*Exercise instructions*: Down to the last line, set down the material below exactly, excluding pictures.
——————
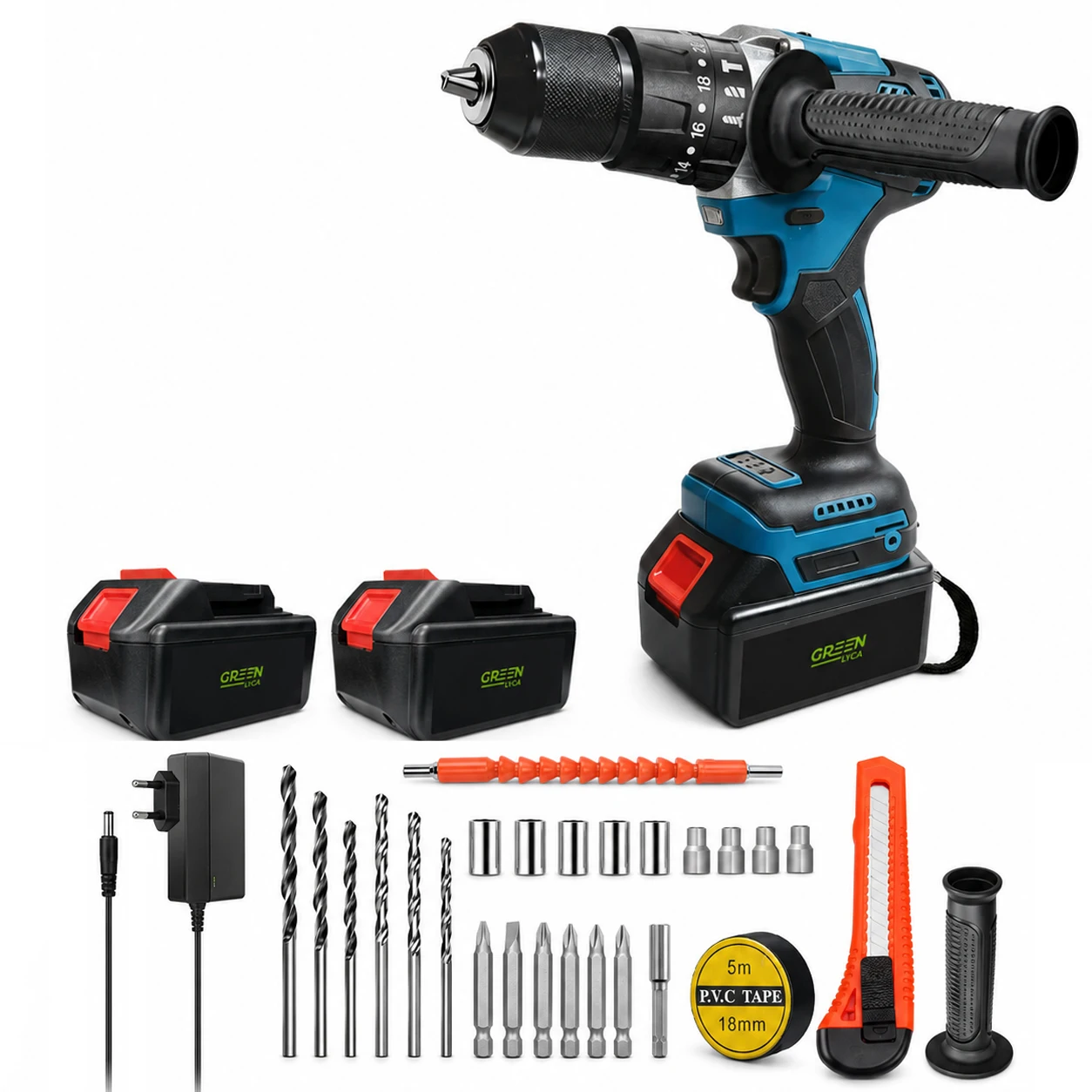 21V Profi-Akku-Bohrschrauber mit 2 x 15000mAh Akkus | Bürstenlos | 125 Nm maximales Drehmoment | 2 Geschwindigkeitsstufen | 13-mm-Metallbohrfutter | Wiederaufladbarer Akku-Bohrschrauber für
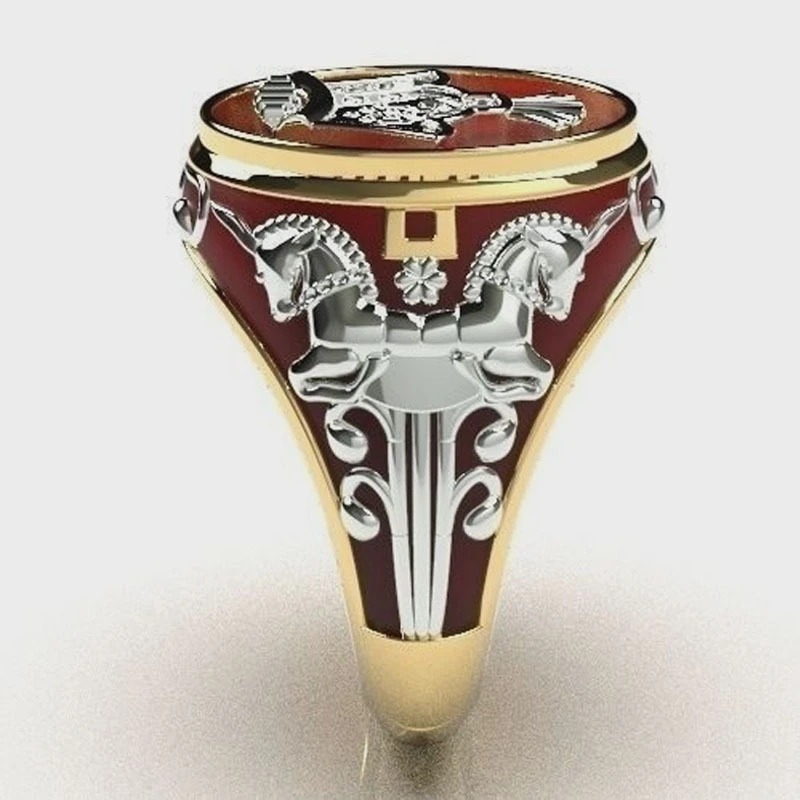 Milangirl Creative Personality King Horse Two-Tone Knight Rings For Men Hip Hop Punk Style Fashion Rings Alx Men/Women Shirtspotlight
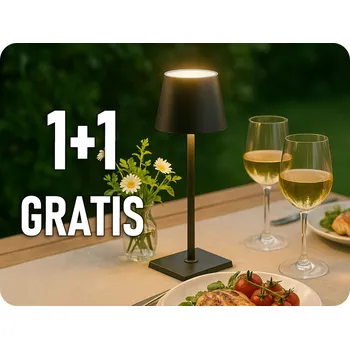 Lampička Stolní lampa TAZA 3,5W, 400lm, CCT, IP54, nabíjecí, 2x2000mAh, černá, 1+1 zdarma! [203853]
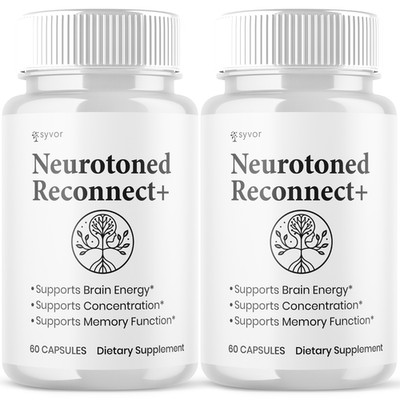 (2 Pack) Neurotoned Reconnect+ All Natural Formula Brain Supplement 120 Capsules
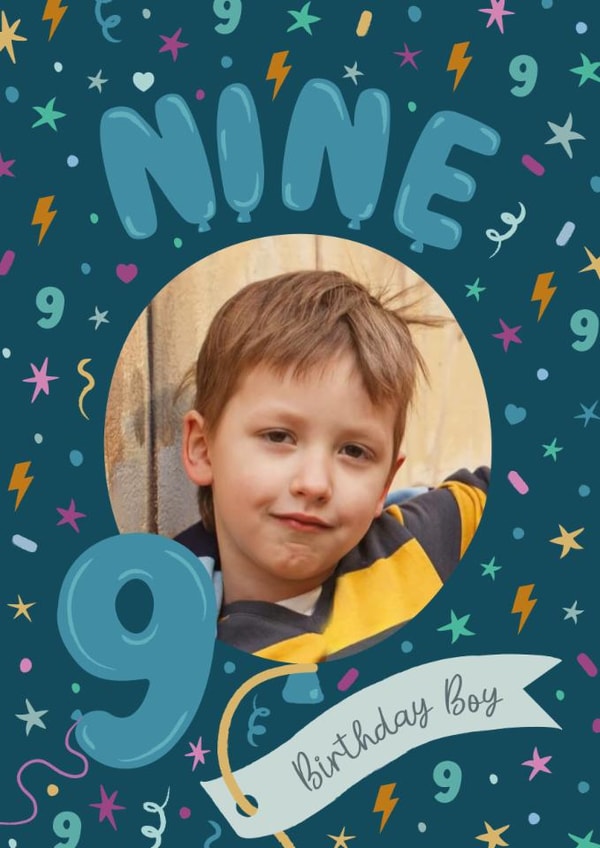 Classic 9th Birthday Card - For Him - Balloons created by The Pattern Press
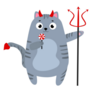 Halloween Cat A Devil Costume Sticker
——————
*Result of this exercise*:
 21V Profi-Akku-Bohrschrauber mit 2 x 15000mAh Akkus | Bürstenlos | 125 Nm maximales Drehmoment | 2 Geschwindigkeitsstufen | 13-mm-Metallbohrfutter | Wiederaufladbarer Akku-Bohrschrauber für
 Milangirl Creative Personality King Horse Two-Tone Knight Rings For Men Hip Hop Punk Style Fashion Rings Alx Men/Women Shirtspotlight
 Lampička Stolní lampa TAZA 3,5W, 400lm, CCT, IP54, nabíjecí, 2x2000mAh, černá, 1+1 zdarma! [203853]
 (2 Pack) Neurotoned Reconnect+ All Natural Formula Brain Supplement 120 Capsules
 Classic 9th Birthday Card - For Him - Balloons created by The Pattern Press
 Halloween Cat A Devil Costume Sticker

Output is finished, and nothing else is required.